As the production business began to boom in Georgia, Dabney made the decision to move his farm from Monroe to Covington, Georgia. The family found a 50-acre facility and purchased the property after just 30 minutes. “It was a moment of pure serendipity. Everything just fell into place.” Now, the Dabney Riding Academy is buzzing with activity. Dabney told us that his philosophy with training is patience and kindness. “We believe in teaching ‘good riding’, which involves learning about your horse and understanding how to give it commands. It’s a partnership; if the horse understands what the rider is asking, it’s more than willing to do it.”
His philosophy seems to be working because, for the past three years, Ed Dabney has been the equestrian supplier and coordinator for Fox’s hit television show, Sleepy Hollow. “Working with this cast has been truly enjoyable.

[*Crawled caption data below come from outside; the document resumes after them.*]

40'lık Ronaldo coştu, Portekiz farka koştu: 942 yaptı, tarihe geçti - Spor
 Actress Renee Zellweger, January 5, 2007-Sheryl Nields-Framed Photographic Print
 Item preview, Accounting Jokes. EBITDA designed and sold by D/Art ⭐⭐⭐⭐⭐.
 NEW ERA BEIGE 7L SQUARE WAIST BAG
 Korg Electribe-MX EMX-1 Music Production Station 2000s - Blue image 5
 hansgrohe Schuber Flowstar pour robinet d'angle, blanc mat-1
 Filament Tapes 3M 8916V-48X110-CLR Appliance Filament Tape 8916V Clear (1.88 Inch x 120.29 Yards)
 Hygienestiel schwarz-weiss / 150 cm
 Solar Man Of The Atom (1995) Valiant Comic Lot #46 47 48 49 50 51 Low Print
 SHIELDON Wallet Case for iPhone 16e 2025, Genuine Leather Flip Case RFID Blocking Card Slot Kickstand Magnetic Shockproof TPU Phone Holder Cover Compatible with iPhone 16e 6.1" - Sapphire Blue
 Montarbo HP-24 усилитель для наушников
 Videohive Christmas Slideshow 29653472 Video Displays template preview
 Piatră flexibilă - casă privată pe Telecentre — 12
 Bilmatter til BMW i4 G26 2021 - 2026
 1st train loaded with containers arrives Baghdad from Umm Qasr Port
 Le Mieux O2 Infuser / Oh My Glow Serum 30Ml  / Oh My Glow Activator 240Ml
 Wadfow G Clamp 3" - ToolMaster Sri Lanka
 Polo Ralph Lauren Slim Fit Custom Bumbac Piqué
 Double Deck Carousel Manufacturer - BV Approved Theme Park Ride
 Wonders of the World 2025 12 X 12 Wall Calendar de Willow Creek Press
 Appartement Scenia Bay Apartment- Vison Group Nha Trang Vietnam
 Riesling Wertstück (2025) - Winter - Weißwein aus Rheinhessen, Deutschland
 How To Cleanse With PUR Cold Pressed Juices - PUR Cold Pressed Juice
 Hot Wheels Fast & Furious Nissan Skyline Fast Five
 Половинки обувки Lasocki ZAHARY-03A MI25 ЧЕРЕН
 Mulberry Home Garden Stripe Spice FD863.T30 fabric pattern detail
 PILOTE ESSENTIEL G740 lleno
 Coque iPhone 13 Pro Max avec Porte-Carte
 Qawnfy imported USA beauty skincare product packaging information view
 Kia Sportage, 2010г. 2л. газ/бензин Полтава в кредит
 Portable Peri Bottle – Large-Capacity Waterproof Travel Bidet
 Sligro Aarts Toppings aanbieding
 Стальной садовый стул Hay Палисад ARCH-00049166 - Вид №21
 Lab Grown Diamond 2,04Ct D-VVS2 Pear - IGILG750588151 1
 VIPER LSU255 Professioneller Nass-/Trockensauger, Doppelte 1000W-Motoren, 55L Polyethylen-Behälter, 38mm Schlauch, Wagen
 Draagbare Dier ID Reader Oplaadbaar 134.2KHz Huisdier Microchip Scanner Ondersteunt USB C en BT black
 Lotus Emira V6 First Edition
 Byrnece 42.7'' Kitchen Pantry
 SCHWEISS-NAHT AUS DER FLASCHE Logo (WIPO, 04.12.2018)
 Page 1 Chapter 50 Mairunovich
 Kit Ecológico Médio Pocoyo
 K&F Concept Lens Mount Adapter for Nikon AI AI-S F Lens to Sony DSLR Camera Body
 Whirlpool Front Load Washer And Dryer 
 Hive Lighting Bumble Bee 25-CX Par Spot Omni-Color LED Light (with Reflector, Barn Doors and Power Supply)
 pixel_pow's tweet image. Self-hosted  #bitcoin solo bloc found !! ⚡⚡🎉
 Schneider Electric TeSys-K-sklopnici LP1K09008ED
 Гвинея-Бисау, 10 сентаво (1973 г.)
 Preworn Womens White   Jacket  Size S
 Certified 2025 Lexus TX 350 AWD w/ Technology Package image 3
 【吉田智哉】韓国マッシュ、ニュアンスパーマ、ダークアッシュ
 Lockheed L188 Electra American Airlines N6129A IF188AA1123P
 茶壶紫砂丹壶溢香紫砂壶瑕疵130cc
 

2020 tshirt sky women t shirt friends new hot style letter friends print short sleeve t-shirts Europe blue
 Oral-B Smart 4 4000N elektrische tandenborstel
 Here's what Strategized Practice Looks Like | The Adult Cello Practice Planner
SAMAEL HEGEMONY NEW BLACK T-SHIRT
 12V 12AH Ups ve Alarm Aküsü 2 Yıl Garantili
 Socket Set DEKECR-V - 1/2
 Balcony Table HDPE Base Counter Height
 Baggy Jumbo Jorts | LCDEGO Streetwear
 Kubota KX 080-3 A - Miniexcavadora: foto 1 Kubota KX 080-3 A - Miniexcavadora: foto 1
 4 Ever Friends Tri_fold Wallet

They’re all so much fun and a great cast and crew. We were contacted in Season 2 because the producers needed a white horse that could rear up on cue.” Luckily, Dabney’s daughter Elizabeth had trained her white stallion Accolade for that very trick. Elizabeth also teaches and rides with the two-time national champions, the Diamond D Girls and performed as the stunt rider for Nikki Reed, when the actress portrayed Betsy Ross.
Dabney even got to ride in front of the camera! Dabney portrays the character of “War” on Sleepy Hollow. His character’s costume is a full suit of armor and a flaming sword. Dabney told us that he had to wear a specially designed masking suit (to hide his features), a full sheet of chainmail, and the heavy armor. He couldn’t see, hear, or even feel his horse while they were filming. He says that he has a real appreciation for the knights of Camelot now! The most important piece of moviemaking, for Dabney, has to be historical accuracy; whether its traditional Native American garb to Revolutionary era bits and bridles, Dabney attributes his obsession with accuracy to his days as a Civil War actor. His wife says that he’s no fun to watch movies with because he constantly points out the mistakes.
We wondered how the horses reacted to the special effects that are called for on set. Dabney’s horses are specially trained to handle gun fire, fireworks, fog, and even fire! He created a special training routine that allows the horses to slowly become accustomed to the loud noises. By the time the horse and rider hit the set, both are completely prepared and comfortable, which means that both are able to complete their scenes safely. Dabney even mentioned that he used this training method to help the riders with the Atlanta Mounted Police Force!
It’s safe to say that the Dabney Riding Academy can handle anything a script can offer. And, with its convenient location to I-20, the Academy proves to be a true one-stop-shop for filmmakers. Ed Dabney and his incredible team have created the perfect location for television and movie production. The grounds are gorgeous, his horses are friendly, and his expert staff is nothing short of exceptional. A huge thank you to Mr. Ed Dabney for showing us your farm and for participating in our interview. We had a blast and can’t wait to be back in the saddle again!